Luke grabbed his radio, and slid his helmet on, then his vest and ran over to the vehicles.
Fire dispatch, i need our traffic units down here ASAP, Traffic is building up. Have them close 2 intersections around us, give me breathing room for our apparatus to get in. All responding units - take Thin Street to the accident - the alley is big enough for the rigs, just be careful.
Luke went over to the primary vehicle, and reported his findings.
Responding units be advised, negative ejection. I have two patients - unrestrained in the vehicle with primary impact, vehicle is heavily damaged and all doors will not open. Vehicle is a white 2 door standard cab pickup truck, we have a rig involved with placards, nothing leaking.
Luke broke the window and felt for a pulse on the driver of the first vehicle.

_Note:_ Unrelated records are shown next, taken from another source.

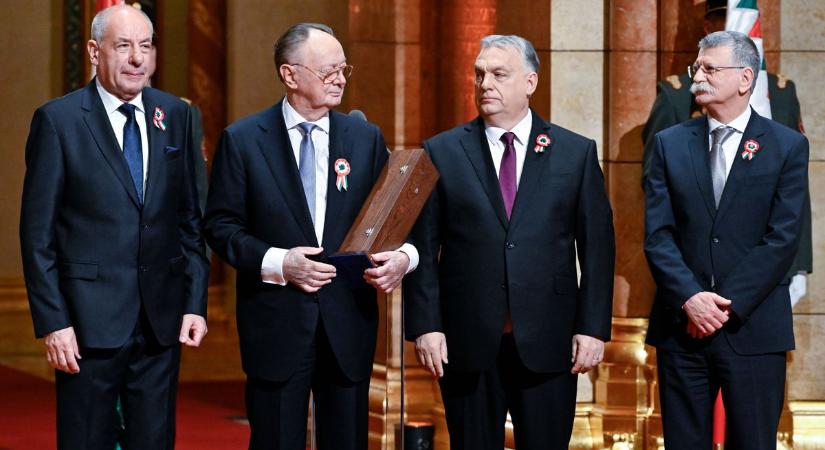 Ez vár Budapestre: óriási beruházást jelentet be a Széchenyi-díjas cégtulajdonos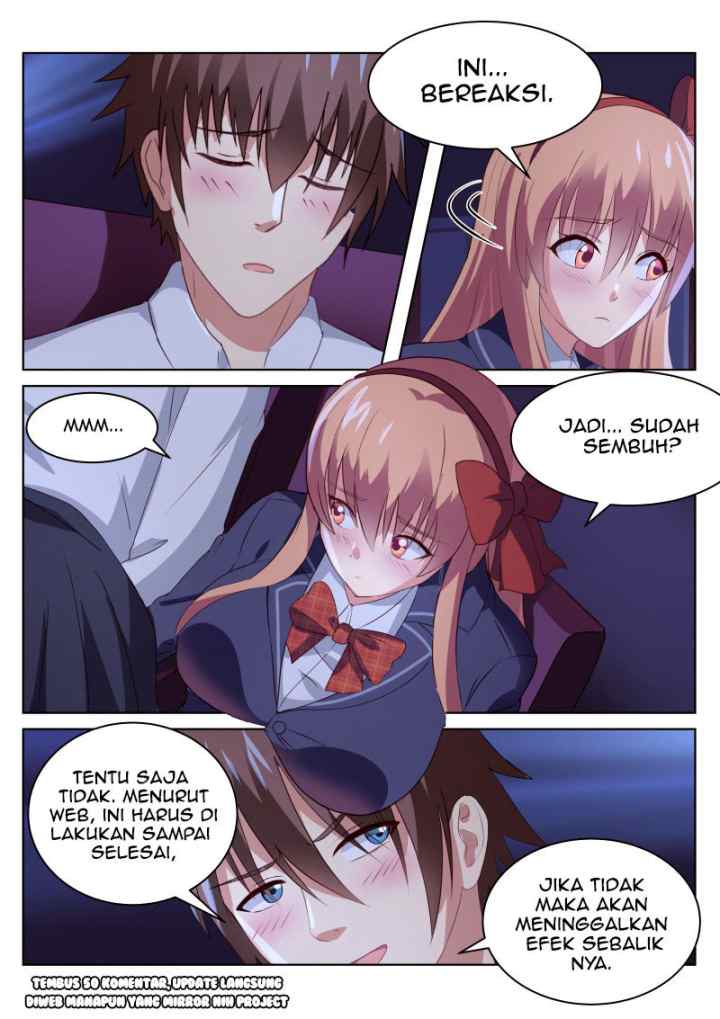 Very Pure chapter 43 halaman 10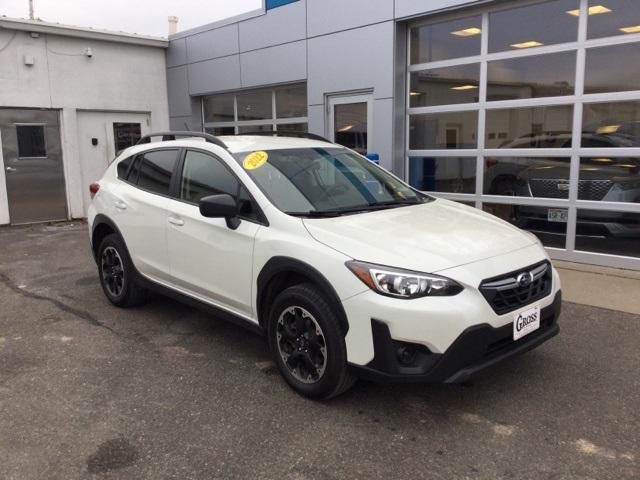 used 2022 Subaru Crosstrek car, priced at $19,988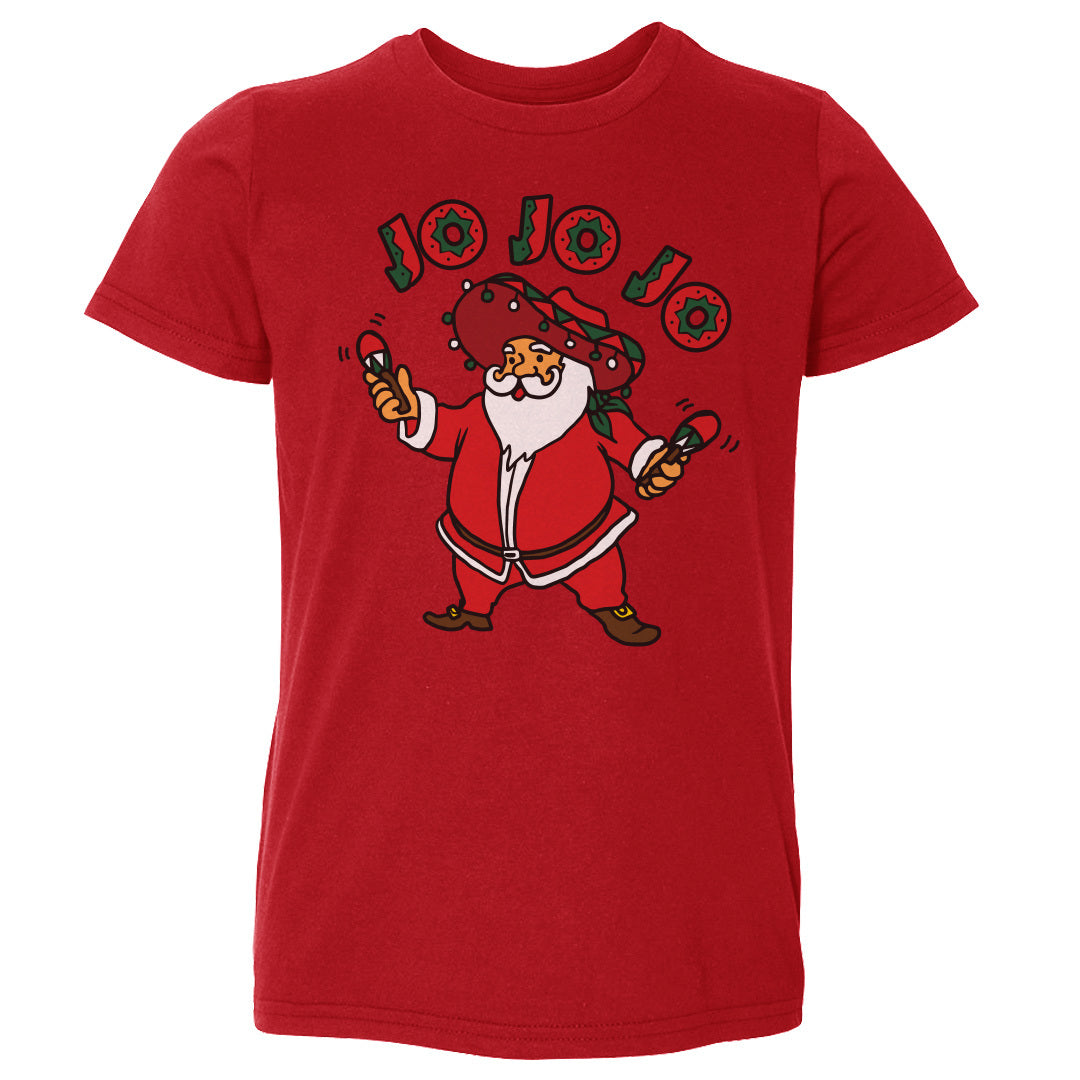 Christmas Kids Toddler T-Shirt | 500 LEVEL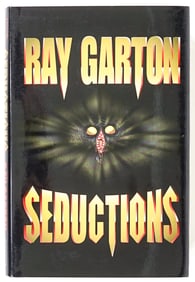Seductions by Ray Garton SIGNED #493/500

responding units from command assistant 30, patient in the truck is unresponsive with a weak pulse around 40, is in shock. Vehicle will need stabilized when rescue is on scene. Vehicle was hit on passenger side and pushed onto a street light - vehicle is ontop of the street light. Second driv-
the radio cut out.
Luke paused. This man was intoxicated, and only bruised. he seemed okay - no chief complaint of any pain.
Chief 30 from Assistant 30, intox driver in second vehicle. Dispatch, put a bird on standby.
Luke jumped into the bed of the drivers truck and held c-spine, he wedged his radio in the crook of his neck to be able to key it up.
Chief 30, im holding c-spine. All units, speed response. Engine 31-61, Designate the LZ.
"Sir, can you hear me? I need to know where you're hurt."
PT pointed to his neck, back, head, and femur. PT had a partial degloved right hand, avulsion to the forearm, and what looked like an open femur fracture.
Responding EMS units - Backboard, O2, trauma bag, iv kit, blocks and collar when you get here. Bring traction and a ked from your backup unit - second PT is in PD custody.